Le véritable amour
'Hayé Sarah (Béréshit 23:1-25:18 )
Il fascine, il est le thème de prédilection des poètes et des artistes. Mais qui est-il vraiment?
Trop souvent existe dans notre société une confusion des idées. Si nous n’approfondissons pas attentivement les textes de la Torah, on risque de faire nôtre des principes qui n’ont rien à voir avec l’éthique de la Bible. Les exemples sont malheureusement nombreux et nous imposent une vigilance de chaque instant. Un verset tout à fait anodin de notre Paracha vient donner un éclairage nouveau sur un thème que l’on retrouve abondement dans tous les médias. Il s’agit de la relation au sein du couple.
Après le départ de ce monde de sa mère, Its’hak épouse Rivka. À la fin du second chapitre de notre Paracha, le texte nous relate sommairement leur mariage en précisant que « Its’hak épousa sa conjointe puis l’aima ». L’agencement des mots a de quoi surprendre. En général on aime quelqu’un et c’est ce sentiment qui nous incite à nous marier. Et là, situation surprenante, c’est le mariage qui est la cause de l’amour ! Une explication à cette apparente anomalie s’impose.
La raison et le cœur
En Occident, l’amour est l’expression d’un sentiment. Rien de plus. Une personne amoureuse ressent un profond élan affectif qui parfois défie même la raison. Il est souvent vécu sur un mode pulsionnel qui construit précisément sa légitimité. Dès lors, quoi donc de plus beau que l’amour ?
Mais pour les Maîtres de la tradition juive, la définition de l’amour se situe aux antipodes de cette approche. Pour le comprendre, il faut rappeler un important principe développé longuement dans la Kabala. Les sentiments sont le produit de l’intellect. En d’autres termes, l’amour n’est pas qu’une impulsion, c’est aussi et avant tout une construction.

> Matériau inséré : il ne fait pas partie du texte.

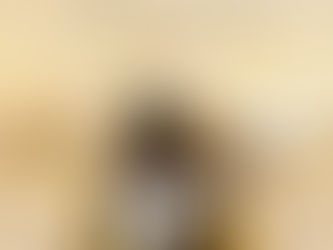 Online Best Anniversary Cakes in Gurgaon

Les Maîtres de la tradition ésotérique font d’ailleurs remarquer que si l’on se place au niveau de la morphologie, la tête est au-dessus du cœur. En effet, les cabalistes enseignent que la tête, l’intellect, doit tempérer les pulsions du cœur qui sont loin d’être réfléchies et sereines. Ainsi par exemple, un enfant se mettra en colère pour des choses insignifiantes alors que face à ces mêmes choses, un adulte n’éprouvera aucune passion. Il y a ici la preuve évidente que l’amour est un sentiment variable qui dépend de notre réflexion. Les sentiments et notamment l’amour, varient selon notre approche intellectuelle. Plus un être humain réfléchira, plus il éprouvera de l’attrait pour des choses réellement digne d’intérêt.
Une seule entité
À partir de ces données, on peut comprendre le sens de notre verset. « Amour » se dit en Hébreu « Ahava ». Or, ce mot a comme valeur numérique 13. Le mot « é’had » qui signifie « Un » a également la valeur numérique de 13. L’amour est l’aboutissement d’une construction affective et intellectuelle entre deux êtres qui, après de longues années, vont former une seule entité. Il est donc clair qu’avant le mariage, quand rien n’est encore véritablement construit, l’attirance que les futurs conjoints ressentent l’un envers l’autre n’est qu’un sentiment de bien être et d’affection. Ce n’est qu’après le mariage que l’amour véritable va se construire : la vie commune, la proximité des cœurs, le fait d’avoir des idéaux et des objectifs communs et de partager des difficultés ou des moments de bonheur.
Avant même le mariage, il est donc fondamental de mettre l’accent sur la valeur de l’étude et de la pratique de la Torah. C’est elle et elle seule qui peut construire véritablement notre identité, en nous aidant à avoir un nouveau regard sur l’existence. C’est alors que l’amour pourra prendre son élan authentique.